> _The input_:

Start of Block

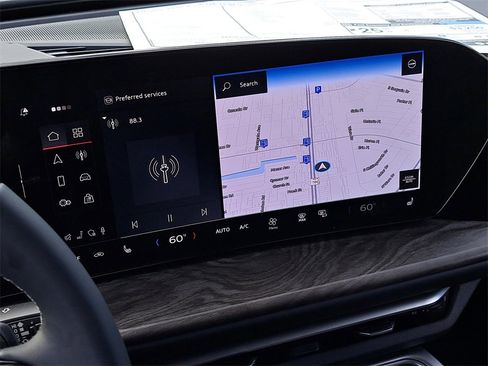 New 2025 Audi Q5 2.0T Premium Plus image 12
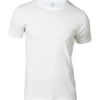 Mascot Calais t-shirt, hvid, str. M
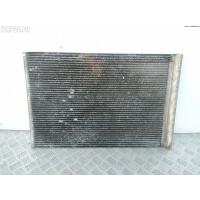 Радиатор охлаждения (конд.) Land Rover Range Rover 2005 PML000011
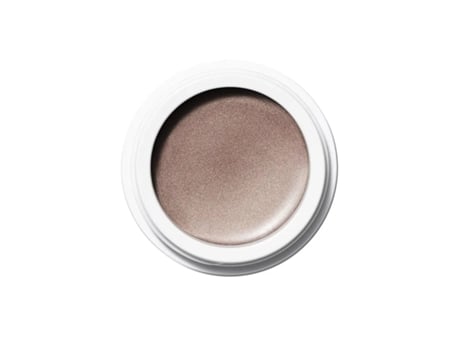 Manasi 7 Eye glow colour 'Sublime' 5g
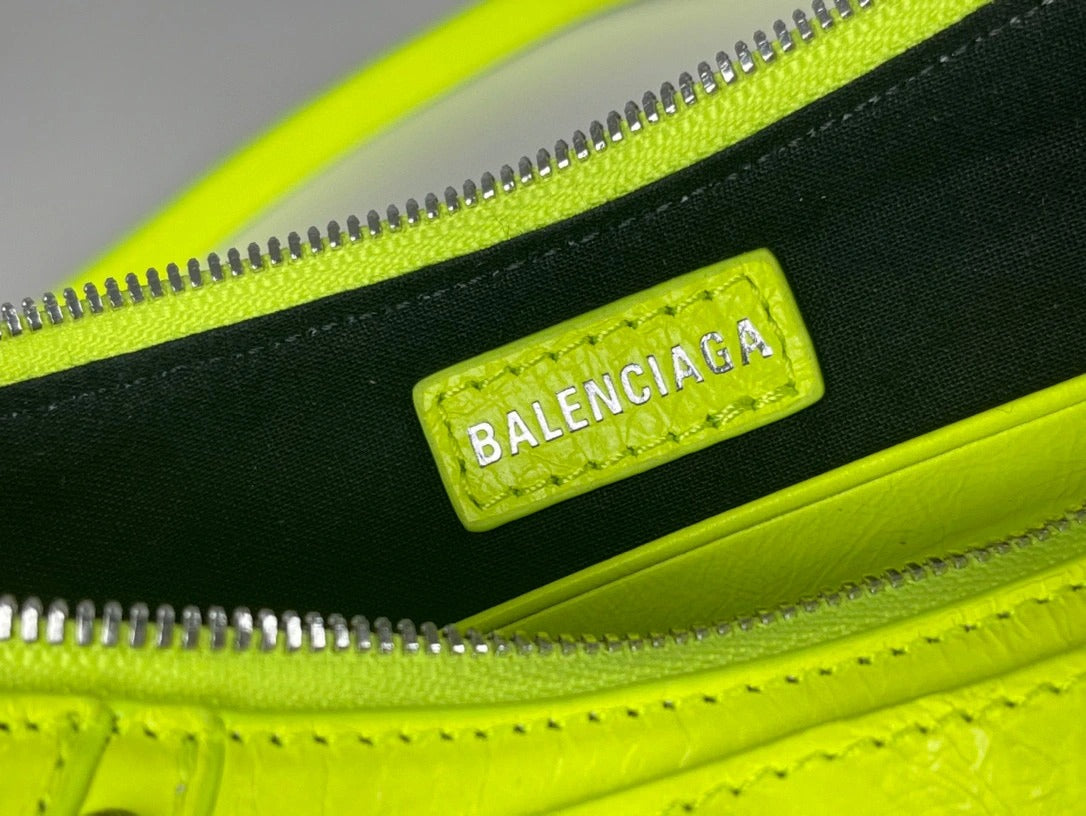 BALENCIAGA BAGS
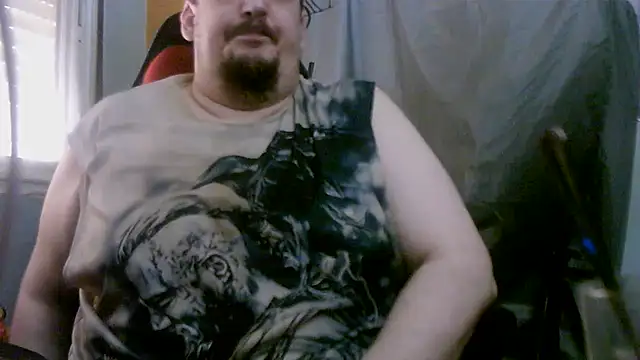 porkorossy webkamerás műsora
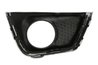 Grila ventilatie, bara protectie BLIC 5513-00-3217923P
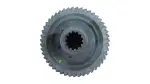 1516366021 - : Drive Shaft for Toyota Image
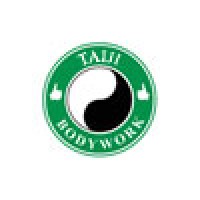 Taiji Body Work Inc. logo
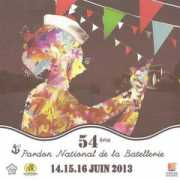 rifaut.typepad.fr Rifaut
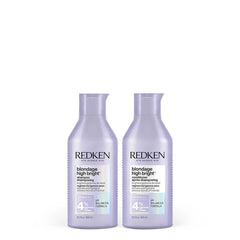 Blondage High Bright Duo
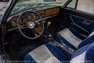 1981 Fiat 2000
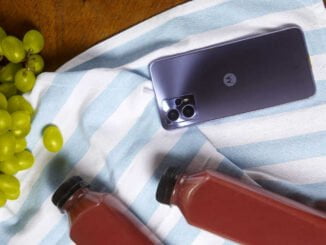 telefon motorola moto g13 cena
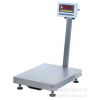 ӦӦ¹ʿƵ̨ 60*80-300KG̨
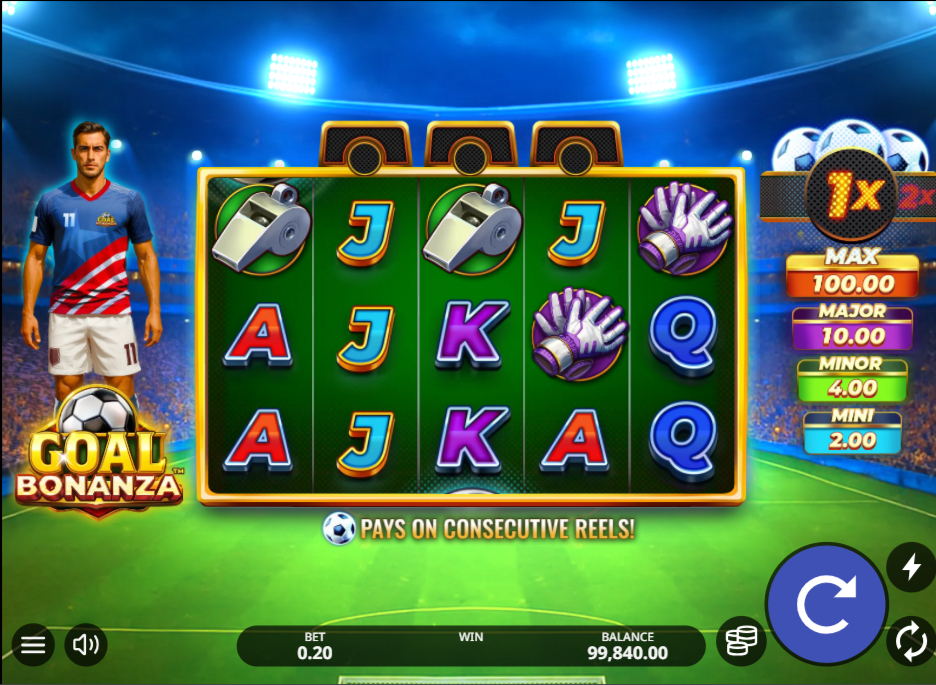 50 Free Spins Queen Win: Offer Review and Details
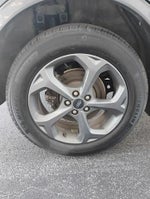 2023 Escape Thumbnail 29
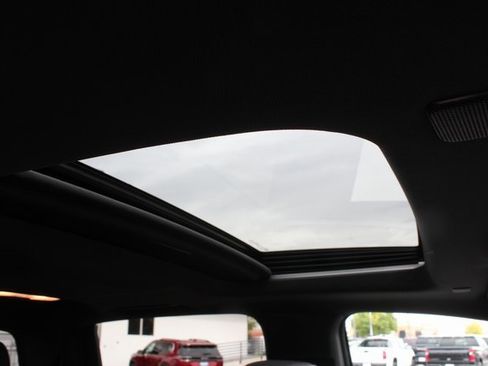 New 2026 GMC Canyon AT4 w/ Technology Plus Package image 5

End of Block

> _About this task_: Each record should be given again exactly, with no picture carried over.

> _Solution to this exercise_:
 New 2025 Audi Q5 2.0T Premium Plus image 12
 Mascot Calais t-shirt, hvid, str. M
 Радиатор охлаждения (конд.) Land Rover Range Rover 2005 PML000011
 Manasi 7 Eye glow colour 'Sublime' 5g
 BALENCIAGA BAGS
 porkorossy webkamerás műsora
 Grila ventilatie, bara protectie BLIC 5513-00-3217923P
 1516366021 - : Drive Shaft for Toyota Image
 Taiji Body Work Inc. logo
 rifaut.typepad.fr Rifaut
 Blondage High Bright Duo
 1981 Fiat 2000
 telefon motorola moto g13 cena
 ӦӦ¹ʿƵ̨ 60*80-300KG̨
 50 Free Spins Queen Win: Offer Review and Details
 2023 Escape Thumbnail 29
 New 2026 GMC Canyon AT4 w/ Technology Plus Package image 5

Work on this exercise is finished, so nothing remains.